Monday, February 20, 2012

The Truth Behind Cell Phone Calls, Airplanes And Interference


Greensboro, NC -- You hear it every time you fly..."Please turn off all your Electronic devices".

Why on earth do they tell us that? You can not tell me my cell phone will bring down a plane!

"Each time we fly and people leave devices on, they're conducting an unauthorized scientific experiment to see if this time it makes any difference," says Captain Chesley Sullenberger. "To see if it affects anything electronically on the airplane."

If anyone knows strange things can happen on a plane, it's Captain Sullenberger.

"The documented problems are fairly rare, but there are some."

Since 2004, NASA's Aviation Safety reporting system listed only about a half a dozen incidents where phones blocked air traffic control frequencies and navigational instruments.

A Boeing expert says on the ground, your phone signal reaches a cell tower or two. But in the air, a phone could possibly reach hundreds of towers and if a passenger is positioned near the airplane's attennea there is a potential for interference.

The interference issues don't end there. When you make a call it comes to a cell tower and then it travels down a wire into the ground. Your cell call then goes through the old-school grid full of telephone wires, poles and underground fiber optic cables to the next cell tower.

But a company called Lightsquared wants to by-pass all that and beam your call to a satellite. The FCC believes that will jam GPS for folks on the ground and anything in the air.

"It's a serious problem, " says North Carolina A&T Electrical Engineering professor Dr. Numan Dogan.

He and his four doctoral students study these types of signals and say the danger is real.

PhD student Jonathan Maston made the interference explanation visual. (You can see it in the attached videos)

The information gets broadcast up and we think it goes straight up, but it spreads out light a flashlight beam. And when a plane flies into the signal path, there's a problem. The plane loses it's GPS and the pilot doesn't know where he is.

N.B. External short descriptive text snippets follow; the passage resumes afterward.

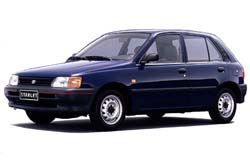 Starlet / Старлет (1990-1995)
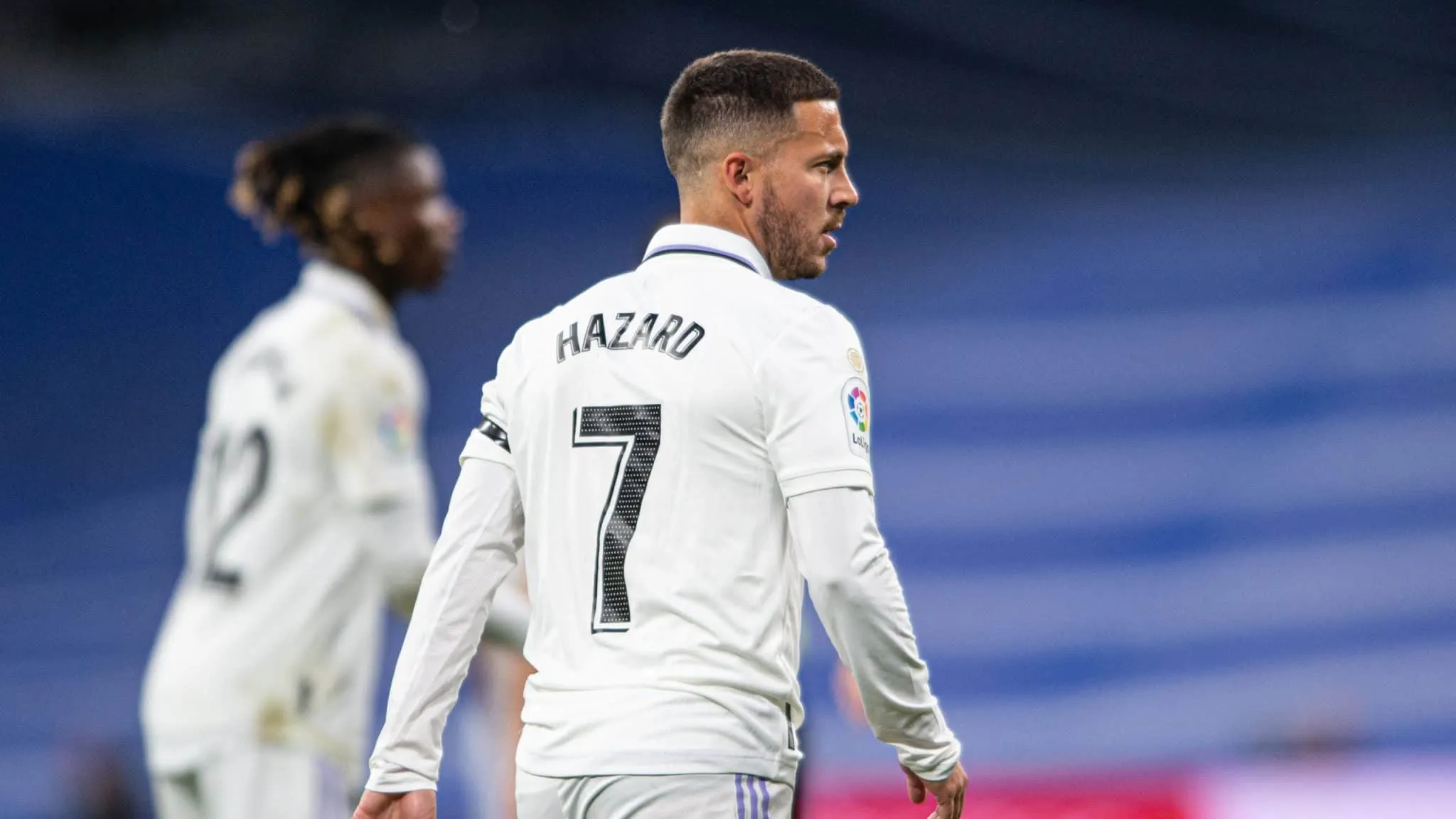 Era melhor ver o Eurovision: Hazard esteve em campo em um Real Madrid cheio de reservas contra o Getafe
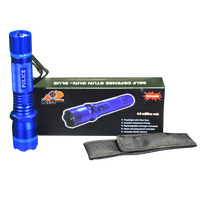 Blue Tactical Flashlight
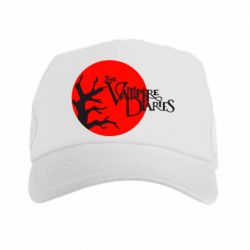 Кепка-тракер The Vampire Diaries - PrintSalon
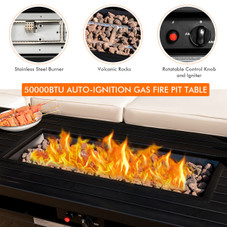57-Inch Rectangular Propane Gas Fire Pit product image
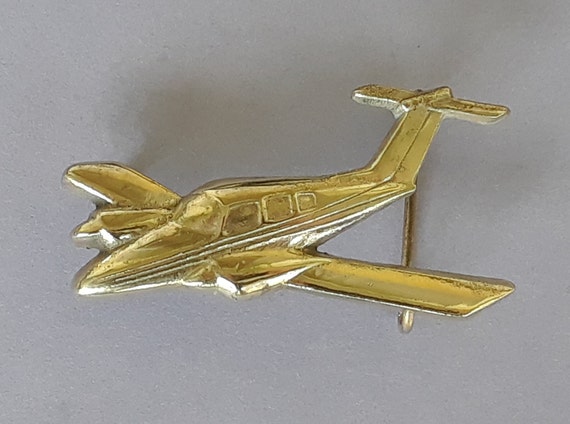 Brass Cessna Plane Pilots - Etsy display picture 3
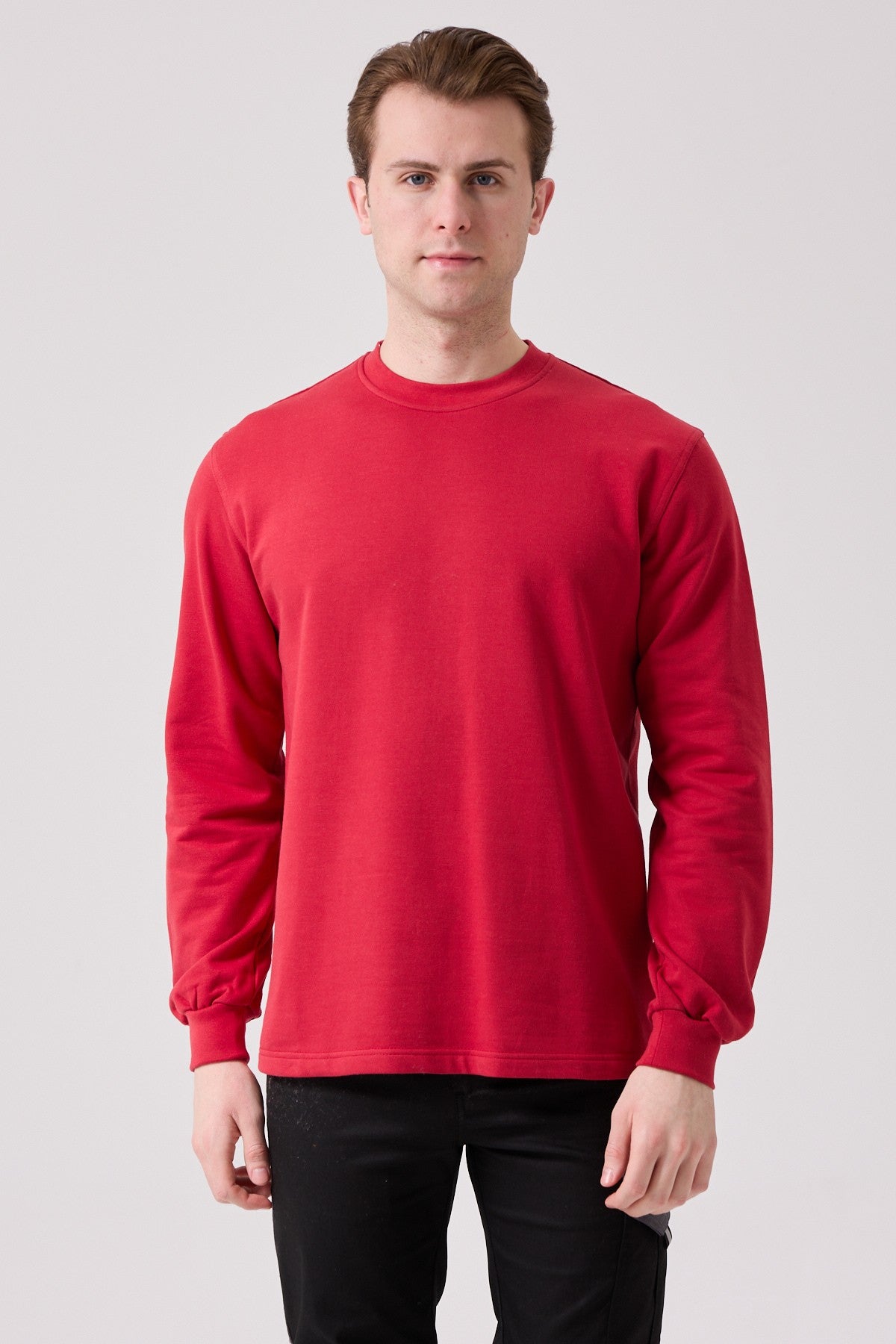 Galanthus Basic O Yaka Sweatshirt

But not necessarily all the time....

"Maybe there is a cloud here today and there are no issues, so it's not like you can test it once and it's okay. You could figure out if this interference is recurring, but it might be too late"

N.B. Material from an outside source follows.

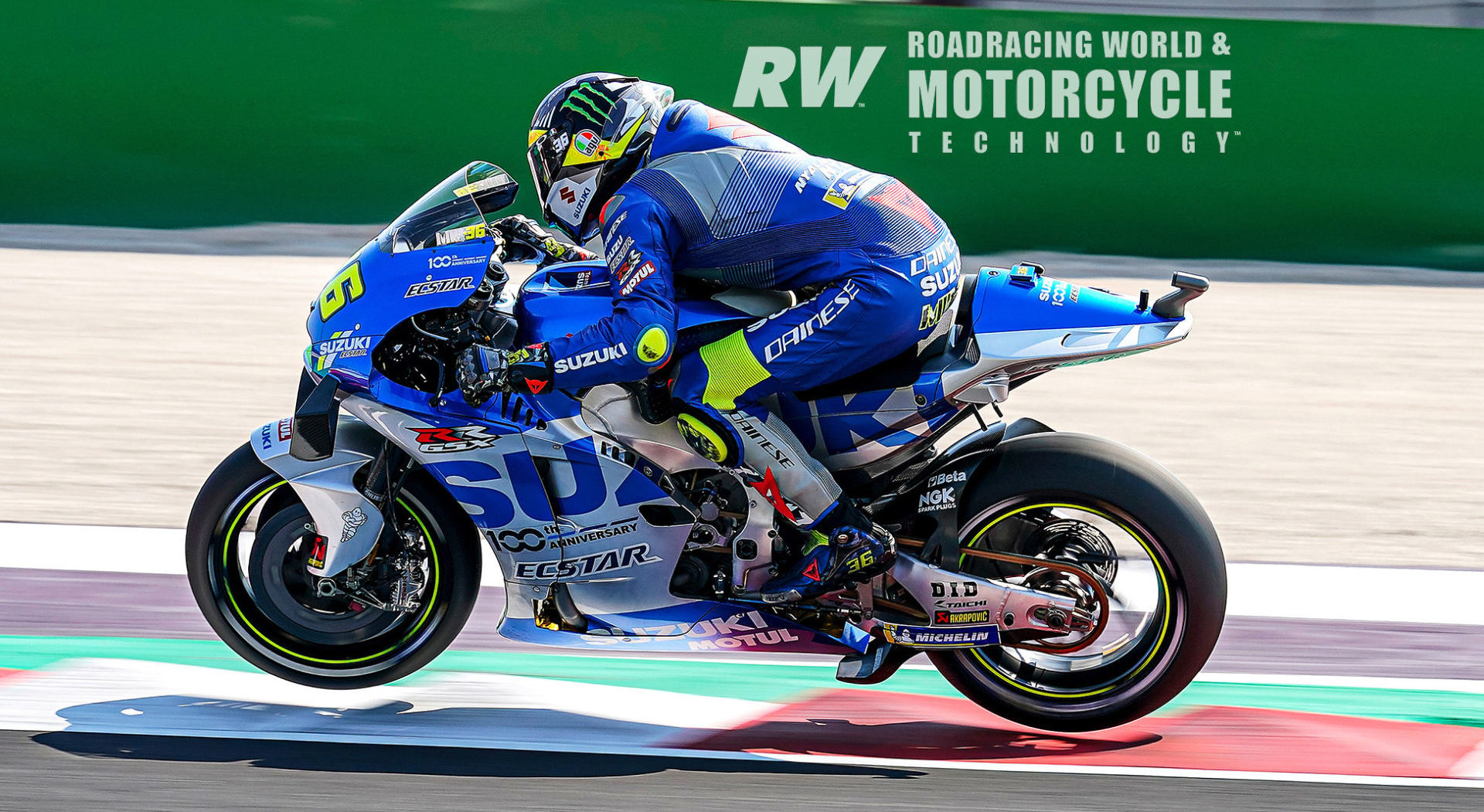 MotoGP Analysis Suzuki GSX-RR Development, 2015 - 2020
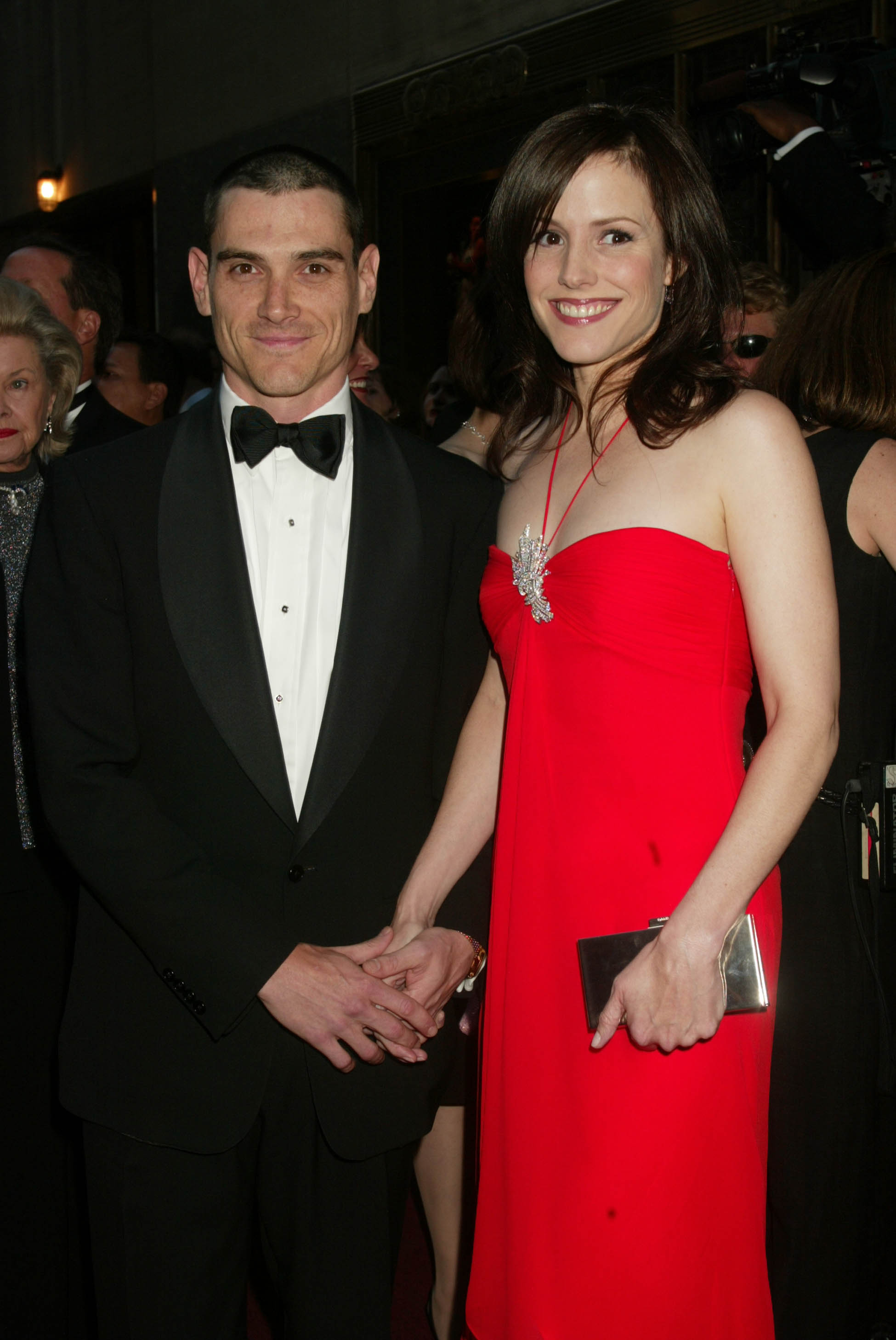 Billy Crudup makes rare comment about ex MaryLouise Parker 22 years(00)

Dr. Dogan says intended applications often have un-intended complications. Partly because no device is perfect and in this case, because Lightsquared's band width signal is simply too close to the GPS signal.

Once again, Doctoral student Jonathan Maston visually explains:
GPS is sitting here, this is their real estate and they've built this up and they have their usage. Lightsquared bought the property next to them and wants to build their highway right there here."

Lightsquared's idea for faster 4G service may be dead, but these engineers know, they won't be the last company to push the boundaries.

"It makes me want to be better at my job," says Doctoral student James Griggs. "We haven't designed the perfect system yet so there is still room to grow."

According to our NC A&T engineers, there is no end to the generations available, although they say noone really is talking about 5G as of yet.

In fact, the criteria to define 5G hasn't even been set. And for good reason. 4G is not yet implemented. Current 4-g phones are not truly 4G they just have the capability of some day being 4G (the only caveat to this is in two cities where 4G is truly available).